** Opening Exercise data block **
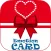 Egift Maker – Create Greeting, Thanksgiving Card With Beautiful Theme, Emoticon And Message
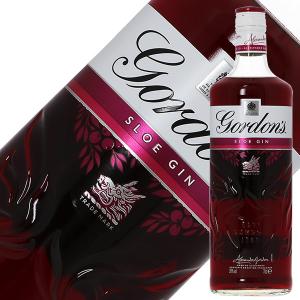 リキュール ゴードン スロージン 26度 並行 700ml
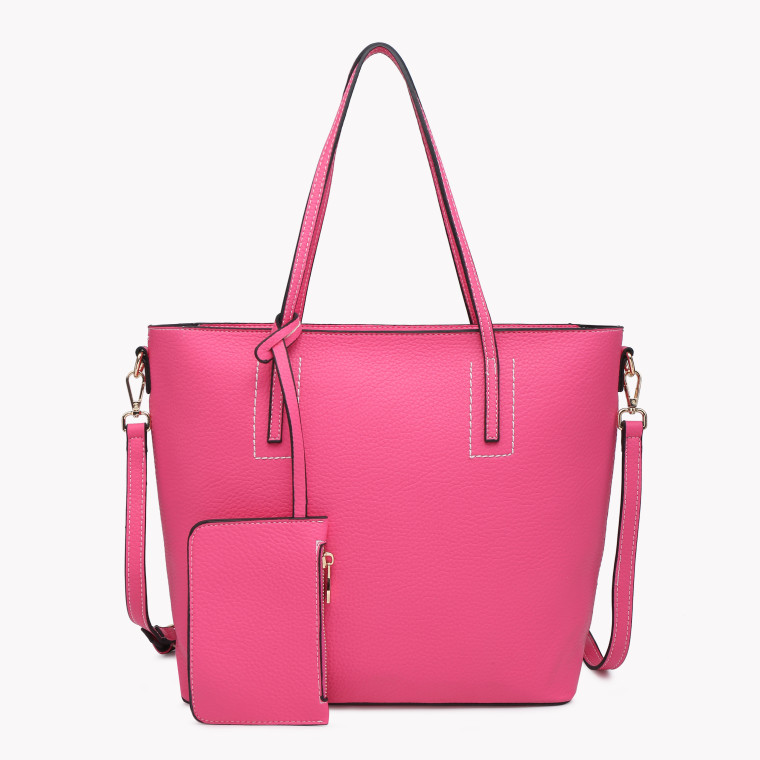 Neverfull style bag with GB mini bag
** Closing Exercise data block **
Set the material above down again word for word. Include none of its pictures.

**Problem solution**:
 Egift Maker – Create Greeting, Thanksgiving Card With Beautiful Theme, Emoticon And Message
 リキュール ゴードン スロージン 26度 並行 700ml
 Neverfull style bag with GB mini bag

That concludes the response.